Data records:
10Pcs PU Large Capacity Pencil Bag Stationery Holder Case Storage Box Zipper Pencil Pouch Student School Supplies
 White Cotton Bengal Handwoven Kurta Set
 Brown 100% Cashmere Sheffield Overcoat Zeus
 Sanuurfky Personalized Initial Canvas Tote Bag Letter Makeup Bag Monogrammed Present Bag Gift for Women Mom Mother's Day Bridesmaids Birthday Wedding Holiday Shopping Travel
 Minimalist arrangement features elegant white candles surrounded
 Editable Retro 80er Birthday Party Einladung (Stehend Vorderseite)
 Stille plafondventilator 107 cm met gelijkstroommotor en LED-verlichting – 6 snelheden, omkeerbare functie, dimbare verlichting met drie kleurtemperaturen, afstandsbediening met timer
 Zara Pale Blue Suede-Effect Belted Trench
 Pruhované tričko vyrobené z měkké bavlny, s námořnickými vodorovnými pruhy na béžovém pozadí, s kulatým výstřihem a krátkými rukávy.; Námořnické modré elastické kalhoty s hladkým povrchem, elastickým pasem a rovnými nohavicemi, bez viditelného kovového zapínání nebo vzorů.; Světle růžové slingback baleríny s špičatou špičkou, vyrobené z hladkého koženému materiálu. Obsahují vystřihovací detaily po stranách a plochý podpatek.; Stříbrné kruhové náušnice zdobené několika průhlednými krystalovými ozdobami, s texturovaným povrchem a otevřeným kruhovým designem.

DESCRIPTION OF THE TASK: Copy all of the data exactly. Skip nothing.

TASK ANSWER:
10Pcs PU Large Capacity Pencil Bag Stationery Holder Case Storage Box Zipper Pencil Pouch Student School Supplies
 White Cotton Bengal Handwoven Kurta Set
 Brown 100% Cashmere Sheffield Overcoat Zeus
 Sanuurfky Personalized Initial Canvas Tote Bag Letter Makeup Bag Monogrammed Present Bag Gift for Women Mom Mother's Day Bridesmaids Birthday Wedding Holiday Shopping Travel
 Minimalist arrangement features elegant white candles surrounded
 Editable Retro 80er Birthday Party Einladung (Stehend Vorderseite)
 Stille plafondventilator 107 cm met gelijkstroommotor en LED-verlichting – 6 snelheden, omkeerbare functie, dimbare verlichting met drie kleurtemperaturen, afstandsbediening met timer
 Zara Pale Blue Suede-Effect Belted Trench
 Pruhované tričko vyrobené z měkké bavlny, s námořnickými vodorovnými pruhy na béžovém pozadí, s kulatým výstřihem a krátkými rukávy.; Námořnické modré elastické kalhoty s hladkým povrchem, elastickým pasem a rovnými nohavicemi, bez viditelného kovového zapínání nebo vzorů.; Světle růžové slingback baleríny s špičatou špičkou, vyrobené z hladkého koženému materiálu. Obsahují vystřihovací detaily po stranách a plochý podpatek.; Stříbrné kruhové náušnice zdobené několika průhlednými krystalovými ozdobami, s texturovaným povrchem a otevřeným kruhovým designem.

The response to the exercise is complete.